§ **Collected data**:
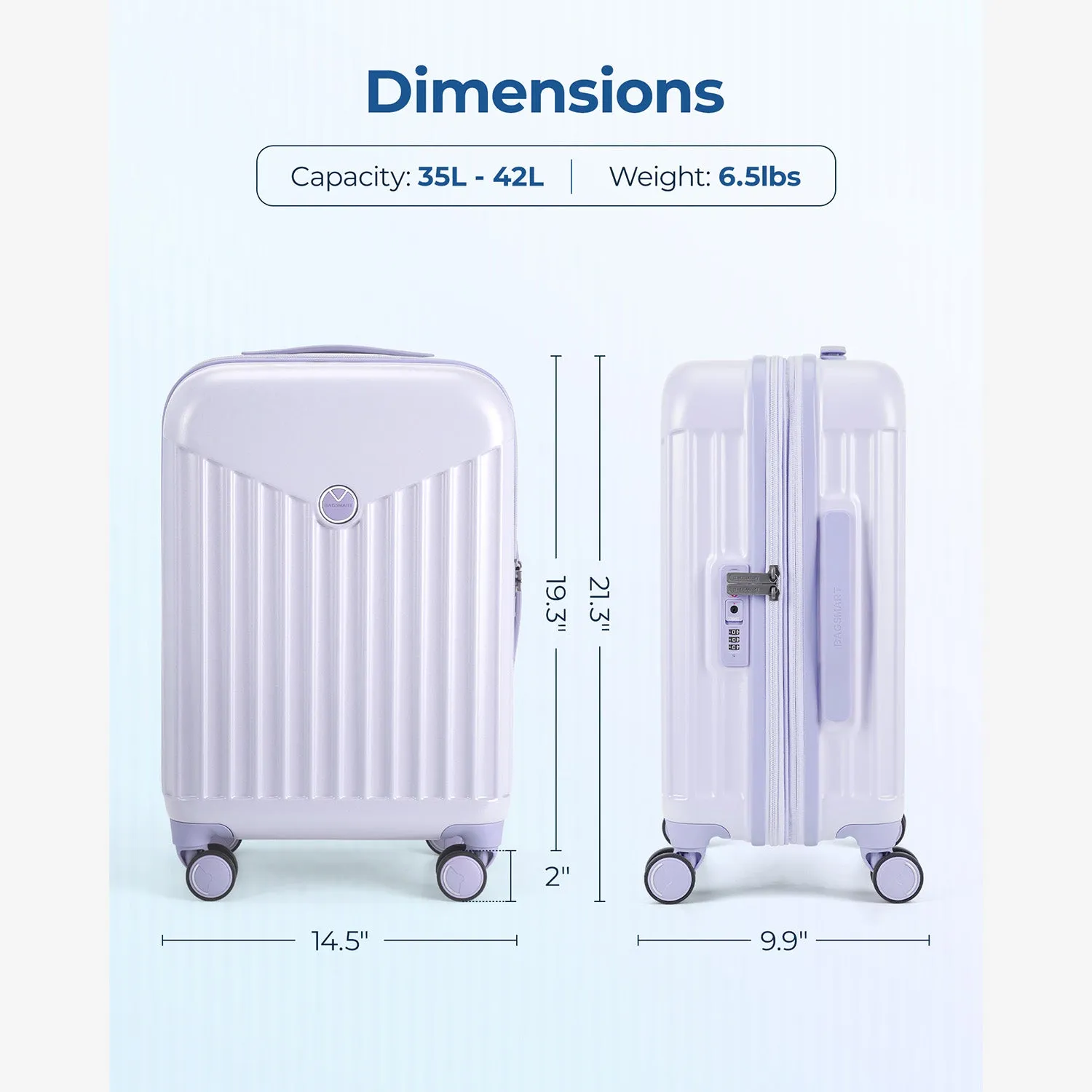 Odyssey 20 Inch Airline Approved Hardside Spinner Suitcase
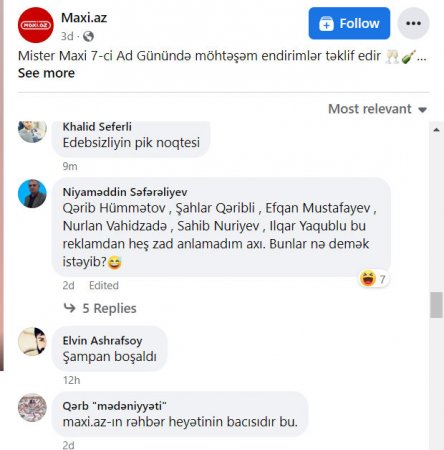 “Maxi.az”dan biabırçı reklam: etirazla qarşılandı - 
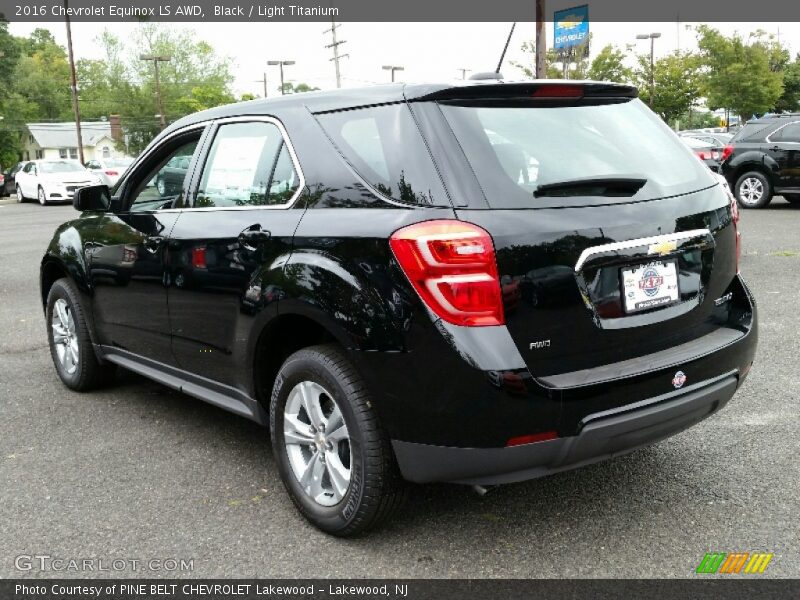 Black / Light Titanium 2016 Chevrolet Equinox LS AWD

§ **Problem statement**:
Transcribe all of the data above exactly; no picture belongs in the copy.

§ **Solution**:
 Odyssey 20 Inch Airline Approved Hardside Spinner Suitcase
 “Maxi.az”dan biabırçı reklam: etirazla qarşılandı - 
 Black / Light Titanium 2016 Chevrolet Equinox LS AWD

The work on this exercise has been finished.